There is more detail in the threads linked above. Let us know what you find?


It’s a good question and I don’t claim to know the answer. If I had to guess, my theory would be that you can’t prove that it’s impossible without the skip connections, but I’d have to believe the training would be hideously more expensive and you’d probably need to modify the architecture of the network. It’s not that you have “nothing”, because the training is based on actual labeled data and the labeled data contains the required geometry. The question is how the downsampling path could encode the geometry information through the normal convolution outputs in such a way that the transpose convolution layers could reconstruct it. But you have the “forcing function” in the form of the loss computed between the generated image and the labeled images which contain the geometry. The question is whether that would be sufficient to force the previous layers to figure out a way to encode the geometry information. Maybe you’d need a lot more output channels on the downsampling path than you can get away with in the real U-Net architecture with skip connections.

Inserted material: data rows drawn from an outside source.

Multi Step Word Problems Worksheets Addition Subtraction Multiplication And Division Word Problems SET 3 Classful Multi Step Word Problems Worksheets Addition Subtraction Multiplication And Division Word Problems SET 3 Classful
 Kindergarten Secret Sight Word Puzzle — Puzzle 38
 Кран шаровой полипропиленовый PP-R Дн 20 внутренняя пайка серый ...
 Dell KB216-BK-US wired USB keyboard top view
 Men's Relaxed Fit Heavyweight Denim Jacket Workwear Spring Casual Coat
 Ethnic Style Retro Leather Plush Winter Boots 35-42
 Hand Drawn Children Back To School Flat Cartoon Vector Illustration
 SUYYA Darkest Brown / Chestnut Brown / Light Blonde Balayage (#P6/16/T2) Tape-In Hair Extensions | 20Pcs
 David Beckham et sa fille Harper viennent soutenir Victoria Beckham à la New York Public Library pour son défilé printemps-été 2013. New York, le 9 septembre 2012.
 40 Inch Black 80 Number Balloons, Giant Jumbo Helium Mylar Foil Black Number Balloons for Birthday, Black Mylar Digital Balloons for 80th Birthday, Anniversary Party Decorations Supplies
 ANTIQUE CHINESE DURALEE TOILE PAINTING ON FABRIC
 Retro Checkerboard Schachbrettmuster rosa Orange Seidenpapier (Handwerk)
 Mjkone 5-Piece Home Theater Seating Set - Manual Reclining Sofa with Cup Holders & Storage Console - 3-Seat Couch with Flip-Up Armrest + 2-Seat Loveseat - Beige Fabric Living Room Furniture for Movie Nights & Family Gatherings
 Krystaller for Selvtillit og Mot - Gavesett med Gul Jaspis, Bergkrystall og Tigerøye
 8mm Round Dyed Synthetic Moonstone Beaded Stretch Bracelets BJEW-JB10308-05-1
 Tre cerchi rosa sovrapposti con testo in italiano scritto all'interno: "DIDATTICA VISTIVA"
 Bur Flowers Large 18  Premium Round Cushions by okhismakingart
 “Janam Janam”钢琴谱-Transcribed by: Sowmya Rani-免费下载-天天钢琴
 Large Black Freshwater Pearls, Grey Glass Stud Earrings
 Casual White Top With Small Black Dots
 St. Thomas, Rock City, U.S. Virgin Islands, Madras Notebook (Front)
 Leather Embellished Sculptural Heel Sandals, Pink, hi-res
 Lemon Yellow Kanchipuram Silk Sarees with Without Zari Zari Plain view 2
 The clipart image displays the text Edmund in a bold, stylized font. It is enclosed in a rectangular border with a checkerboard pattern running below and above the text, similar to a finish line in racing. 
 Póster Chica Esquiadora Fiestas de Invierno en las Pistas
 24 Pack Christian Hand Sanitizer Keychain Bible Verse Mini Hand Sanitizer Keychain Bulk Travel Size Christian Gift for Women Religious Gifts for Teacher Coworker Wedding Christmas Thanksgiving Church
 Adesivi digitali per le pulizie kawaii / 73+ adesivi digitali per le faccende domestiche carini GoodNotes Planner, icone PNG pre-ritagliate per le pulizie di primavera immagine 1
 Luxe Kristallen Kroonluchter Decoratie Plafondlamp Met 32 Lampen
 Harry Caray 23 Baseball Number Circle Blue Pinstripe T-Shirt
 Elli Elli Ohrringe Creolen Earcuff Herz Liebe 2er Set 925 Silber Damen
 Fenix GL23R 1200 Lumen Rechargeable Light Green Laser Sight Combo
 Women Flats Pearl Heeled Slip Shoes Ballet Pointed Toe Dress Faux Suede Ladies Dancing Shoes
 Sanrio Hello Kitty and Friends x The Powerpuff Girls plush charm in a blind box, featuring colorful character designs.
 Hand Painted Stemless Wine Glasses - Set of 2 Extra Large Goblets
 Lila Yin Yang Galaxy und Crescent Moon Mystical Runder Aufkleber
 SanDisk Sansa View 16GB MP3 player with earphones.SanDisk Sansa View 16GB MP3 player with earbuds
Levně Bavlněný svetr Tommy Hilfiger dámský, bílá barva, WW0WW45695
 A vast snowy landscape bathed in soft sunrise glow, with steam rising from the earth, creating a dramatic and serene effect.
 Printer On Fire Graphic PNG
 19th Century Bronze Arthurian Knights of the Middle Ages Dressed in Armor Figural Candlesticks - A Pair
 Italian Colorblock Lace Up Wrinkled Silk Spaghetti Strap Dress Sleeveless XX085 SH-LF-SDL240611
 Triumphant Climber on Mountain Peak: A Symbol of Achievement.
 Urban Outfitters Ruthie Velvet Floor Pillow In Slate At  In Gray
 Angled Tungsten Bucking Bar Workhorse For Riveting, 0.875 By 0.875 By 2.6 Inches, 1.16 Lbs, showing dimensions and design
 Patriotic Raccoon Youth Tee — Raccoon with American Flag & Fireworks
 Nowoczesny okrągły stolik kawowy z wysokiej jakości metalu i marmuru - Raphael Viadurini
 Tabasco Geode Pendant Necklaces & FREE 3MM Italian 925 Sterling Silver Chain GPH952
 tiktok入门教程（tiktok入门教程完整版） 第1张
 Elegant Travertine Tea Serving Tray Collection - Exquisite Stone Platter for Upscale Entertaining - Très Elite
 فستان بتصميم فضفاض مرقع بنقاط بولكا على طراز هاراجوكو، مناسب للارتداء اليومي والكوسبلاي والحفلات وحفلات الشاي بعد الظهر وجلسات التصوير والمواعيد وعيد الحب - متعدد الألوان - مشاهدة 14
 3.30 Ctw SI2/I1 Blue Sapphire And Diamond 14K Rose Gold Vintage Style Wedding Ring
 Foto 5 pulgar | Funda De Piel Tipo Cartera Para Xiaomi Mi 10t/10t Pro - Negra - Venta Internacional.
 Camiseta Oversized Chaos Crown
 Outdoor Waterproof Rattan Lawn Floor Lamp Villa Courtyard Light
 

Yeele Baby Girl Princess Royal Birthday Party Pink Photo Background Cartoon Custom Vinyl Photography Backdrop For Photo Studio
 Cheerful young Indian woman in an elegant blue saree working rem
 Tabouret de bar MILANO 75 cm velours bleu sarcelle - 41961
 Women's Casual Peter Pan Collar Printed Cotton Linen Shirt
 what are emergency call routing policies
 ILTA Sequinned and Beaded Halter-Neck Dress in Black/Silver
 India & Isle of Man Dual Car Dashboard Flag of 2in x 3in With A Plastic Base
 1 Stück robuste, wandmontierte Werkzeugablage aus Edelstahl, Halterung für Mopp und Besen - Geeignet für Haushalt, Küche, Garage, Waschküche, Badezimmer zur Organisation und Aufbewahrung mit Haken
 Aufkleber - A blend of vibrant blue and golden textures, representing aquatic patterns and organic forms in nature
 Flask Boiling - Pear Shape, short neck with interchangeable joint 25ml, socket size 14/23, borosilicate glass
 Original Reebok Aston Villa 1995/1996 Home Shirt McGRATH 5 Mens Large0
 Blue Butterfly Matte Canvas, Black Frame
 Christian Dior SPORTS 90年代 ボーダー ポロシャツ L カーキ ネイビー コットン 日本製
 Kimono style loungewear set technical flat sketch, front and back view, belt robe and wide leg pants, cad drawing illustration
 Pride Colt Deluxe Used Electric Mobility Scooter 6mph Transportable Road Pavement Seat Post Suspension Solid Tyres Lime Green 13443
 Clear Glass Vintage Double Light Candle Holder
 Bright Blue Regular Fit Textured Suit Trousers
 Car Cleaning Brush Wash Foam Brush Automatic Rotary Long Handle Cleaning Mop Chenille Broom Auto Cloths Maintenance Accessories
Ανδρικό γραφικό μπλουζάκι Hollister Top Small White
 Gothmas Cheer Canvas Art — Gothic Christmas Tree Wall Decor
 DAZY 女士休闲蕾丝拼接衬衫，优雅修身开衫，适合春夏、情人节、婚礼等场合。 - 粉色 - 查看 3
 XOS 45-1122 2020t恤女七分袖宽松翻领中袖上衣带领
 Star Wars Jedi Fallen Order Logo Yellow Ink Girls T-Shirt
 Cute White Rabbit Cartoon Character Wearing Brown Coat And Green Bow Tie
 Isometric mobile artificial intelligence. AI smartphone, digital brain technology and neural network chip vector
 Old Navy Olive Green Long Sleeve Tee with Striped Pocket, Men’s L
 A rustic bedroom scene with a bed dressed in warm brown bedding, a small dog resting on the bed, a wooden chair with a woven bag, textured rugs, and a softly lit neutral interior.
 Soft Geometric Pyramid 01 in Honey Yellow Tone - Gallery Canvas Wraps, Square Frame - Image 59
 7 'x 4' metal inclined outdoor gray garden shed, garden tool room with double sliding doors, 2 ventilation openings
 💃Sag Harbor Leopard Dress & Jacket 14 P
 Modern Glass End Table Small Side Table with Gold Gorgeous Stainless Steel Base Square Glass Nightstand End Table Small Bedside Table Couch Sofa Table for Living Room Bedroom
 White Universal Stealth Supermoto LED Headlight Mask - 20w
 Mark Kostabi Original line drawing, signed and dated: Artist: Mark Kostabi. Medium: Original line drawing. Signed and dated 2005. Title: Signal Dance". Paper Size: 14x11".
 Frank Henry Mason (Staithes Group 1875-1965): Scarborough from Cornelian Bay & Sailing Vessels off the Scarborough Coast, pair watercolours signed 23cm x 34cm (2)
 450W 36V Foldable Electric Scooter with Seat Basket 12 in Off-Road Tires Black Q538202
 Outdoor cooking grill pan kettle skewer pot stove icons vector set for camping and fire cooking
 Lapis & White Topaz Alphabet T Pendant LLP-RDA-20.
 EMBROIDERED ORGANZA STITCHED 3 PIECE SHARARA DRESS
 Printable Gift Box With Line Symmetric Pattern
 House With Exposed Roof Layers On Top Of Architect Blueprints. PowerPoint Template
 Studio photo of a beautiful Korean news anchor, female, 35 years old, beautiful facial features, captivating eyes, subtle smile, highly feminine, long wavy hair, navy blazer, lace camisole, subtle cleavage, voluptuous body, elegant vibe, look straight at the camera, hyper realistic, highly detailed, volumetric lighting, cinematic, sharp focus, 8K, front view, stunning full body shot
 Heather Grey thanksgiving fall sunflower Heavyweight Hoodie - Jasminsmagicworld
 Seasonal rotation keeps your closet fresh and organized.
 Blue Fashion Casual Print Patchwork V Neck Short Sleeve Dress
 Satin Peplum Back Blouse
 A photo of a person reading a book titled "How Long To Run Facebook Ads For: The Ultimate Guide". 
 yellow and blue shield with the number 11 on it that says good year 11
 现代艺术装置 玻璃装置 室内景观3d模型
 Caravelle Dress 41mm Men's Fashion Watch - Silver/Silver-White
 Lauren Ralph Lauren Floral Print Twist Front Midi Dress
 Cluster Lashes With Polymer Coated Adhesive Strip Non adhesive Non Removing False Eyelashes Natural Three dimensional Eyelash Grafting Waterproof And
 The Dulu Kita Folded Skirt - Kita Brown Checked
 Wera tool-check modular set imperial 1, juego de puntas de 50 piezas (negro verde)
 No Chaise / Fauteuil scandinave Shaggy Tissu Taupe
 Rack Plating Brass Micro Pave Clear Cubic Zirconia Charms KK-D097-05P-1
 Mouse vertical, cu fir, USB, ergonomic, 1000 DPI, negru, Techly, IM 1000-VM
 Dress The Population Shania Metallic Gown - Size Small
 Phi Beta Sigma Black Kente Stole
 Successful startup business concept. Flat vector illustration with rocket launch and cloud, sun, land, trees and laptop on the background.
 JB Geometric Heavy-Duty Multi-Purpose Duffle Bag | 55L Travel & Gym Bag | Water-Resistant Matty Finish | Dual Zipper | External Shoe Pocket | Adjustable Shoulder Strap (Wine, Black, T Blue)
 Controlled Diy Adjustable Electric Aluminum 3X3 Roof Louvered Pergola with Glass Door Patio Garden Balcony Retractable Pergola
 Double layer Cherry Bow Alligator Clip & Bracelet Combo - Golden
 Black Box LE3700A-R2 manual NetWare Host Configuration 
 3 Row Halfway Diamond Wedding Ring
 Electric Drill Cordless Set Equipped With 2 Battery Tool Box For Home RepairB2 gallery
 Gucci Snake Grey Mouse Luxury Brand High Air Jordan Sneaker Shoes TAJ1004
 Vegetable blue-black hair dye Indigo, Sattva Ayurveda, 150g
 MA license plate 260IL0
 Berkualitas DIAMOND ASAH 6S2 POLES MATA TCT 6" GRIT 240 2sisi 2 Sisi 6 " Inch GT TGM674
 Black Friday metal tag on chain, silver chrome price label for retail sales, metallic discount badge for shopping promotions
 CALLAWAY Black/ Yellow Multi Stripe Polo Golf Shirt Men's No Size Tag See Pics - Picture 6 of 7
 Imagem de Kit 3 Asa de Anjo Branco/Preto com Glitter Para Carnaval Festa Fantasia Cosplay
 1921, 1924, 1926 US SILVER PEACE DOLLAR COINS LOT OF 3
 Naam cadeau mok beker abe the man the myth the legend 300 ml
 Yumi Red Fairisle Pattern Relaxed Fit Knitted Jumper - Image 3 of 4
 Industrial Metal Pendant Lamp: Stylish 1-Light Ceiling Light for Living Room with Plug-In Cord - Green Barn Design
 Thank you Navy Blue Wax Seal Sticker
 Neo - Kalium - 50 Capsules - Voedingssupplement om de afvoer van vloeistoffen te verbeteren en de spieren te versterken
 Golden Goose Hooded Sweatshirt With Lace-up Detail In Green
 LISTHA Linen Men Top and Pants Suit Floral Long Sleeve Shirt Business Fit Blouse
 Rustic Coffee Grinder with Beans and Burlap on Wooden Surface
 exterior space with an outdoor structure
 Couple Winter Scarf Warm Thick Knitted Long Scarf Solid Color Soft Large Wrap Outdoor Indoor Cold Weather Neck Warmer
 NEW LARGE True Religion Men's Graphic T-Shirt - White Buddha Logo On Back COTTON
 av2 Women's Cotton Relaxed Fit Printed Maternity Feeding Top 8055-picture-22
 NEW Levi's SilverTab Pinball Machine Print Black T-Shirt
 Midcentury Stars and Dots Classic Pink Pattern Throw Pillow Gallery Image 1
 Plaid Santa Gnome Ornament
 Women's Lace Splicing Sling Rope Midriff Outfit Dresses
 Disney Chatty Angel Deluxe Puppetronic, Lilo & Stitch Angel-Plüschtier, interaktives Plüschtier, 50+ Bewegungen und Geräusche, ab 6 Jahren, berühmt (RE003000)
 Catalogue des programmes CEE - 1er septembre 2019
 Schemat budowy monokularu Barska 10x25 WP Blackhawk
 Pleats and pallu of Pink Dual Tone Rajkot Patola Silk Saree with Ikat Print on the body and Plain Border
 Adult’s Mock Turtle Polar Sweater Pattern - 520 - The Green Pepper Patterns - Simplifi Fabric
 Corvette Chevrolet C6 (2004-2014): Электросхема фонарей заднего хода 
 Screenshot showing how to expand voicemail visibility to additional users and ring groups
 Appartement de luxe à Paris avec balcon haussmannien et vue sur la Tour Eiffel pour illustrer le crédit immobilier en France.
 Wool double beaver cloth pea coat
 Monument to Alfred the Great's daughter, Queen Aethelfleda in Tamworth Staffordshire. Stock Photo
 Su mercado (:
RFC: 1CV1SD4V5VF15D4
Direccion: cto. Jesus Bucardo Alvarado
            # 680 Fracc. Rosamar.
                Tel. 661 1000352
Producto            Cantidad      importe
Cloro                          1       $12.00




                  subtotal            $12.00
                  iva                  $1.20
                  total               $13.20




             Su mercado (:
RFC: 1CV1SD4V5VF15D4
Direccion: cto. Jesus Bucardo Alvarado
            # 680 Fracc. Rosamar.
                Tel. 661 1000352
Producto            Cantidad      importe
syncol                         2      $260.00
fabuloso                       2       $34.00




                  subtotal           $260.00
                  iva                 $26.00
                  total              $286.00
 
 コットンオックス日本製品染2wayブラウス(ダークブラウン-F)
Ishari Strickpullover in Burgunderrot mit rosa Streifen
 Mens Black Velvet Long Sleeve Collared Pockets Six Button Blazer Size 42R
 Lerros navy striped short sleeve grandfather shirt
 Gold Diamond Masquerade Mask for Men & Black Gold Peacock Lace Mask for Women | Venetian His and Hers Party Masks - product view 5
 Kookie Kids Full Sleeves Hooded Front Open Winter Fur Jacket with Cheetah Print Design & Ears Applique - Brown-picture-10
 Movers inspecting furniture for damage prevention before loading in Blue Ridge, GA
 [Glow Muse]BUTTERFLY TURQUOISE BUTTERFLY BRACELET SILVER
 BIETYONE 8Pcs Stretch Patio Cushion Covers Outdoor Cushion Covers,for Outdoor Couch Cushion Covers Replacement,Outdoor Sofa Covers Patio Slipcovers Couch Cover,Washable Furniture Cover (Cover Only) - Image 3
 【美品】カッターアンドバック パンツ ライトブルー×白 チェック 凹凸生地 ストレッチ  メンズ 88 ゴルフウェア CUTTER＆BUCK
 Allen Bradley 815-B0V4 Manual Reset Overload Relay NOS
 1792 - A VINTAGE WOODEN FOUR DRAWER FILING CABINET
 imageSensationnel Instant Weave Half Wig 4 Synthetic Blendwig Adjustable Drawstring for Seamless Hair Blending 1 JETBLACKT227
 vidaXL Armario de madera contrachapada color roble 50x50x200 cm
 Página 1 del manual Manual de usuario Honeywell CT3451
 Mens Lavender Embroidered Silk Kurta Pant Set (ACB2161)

But this is all definitely in “angels dancing on the head of a pin” territory :grinning:. The right way spend additional mental energy here would be to figure out how to make the architecture work better and be easier to train, not what is the nastiest way I can pose the challenge and still get a valid solution that is achievable in polynomial time.

Something about that previous statement about polynomial time reminds me of a joke that Donald Knuth made in one of his books. Of course he was writing back in the 70s, when the state of the art in both compute power and algorithmic sophistication was quite a bit more limited than it is today. At that point, human chess masters were still easily beating the best computer algorithms. I forget the exact way he introduced the idea, but he pointed out that chess was literally a finite game, meaning that there are a finite number of possible chess games. But at that point, a computer still couldn’t solve it. So he said “It’s not sufficent that the problem be finite: it needs to be very finite.” You know you’re a math nerd if you laugh out loud at that statement.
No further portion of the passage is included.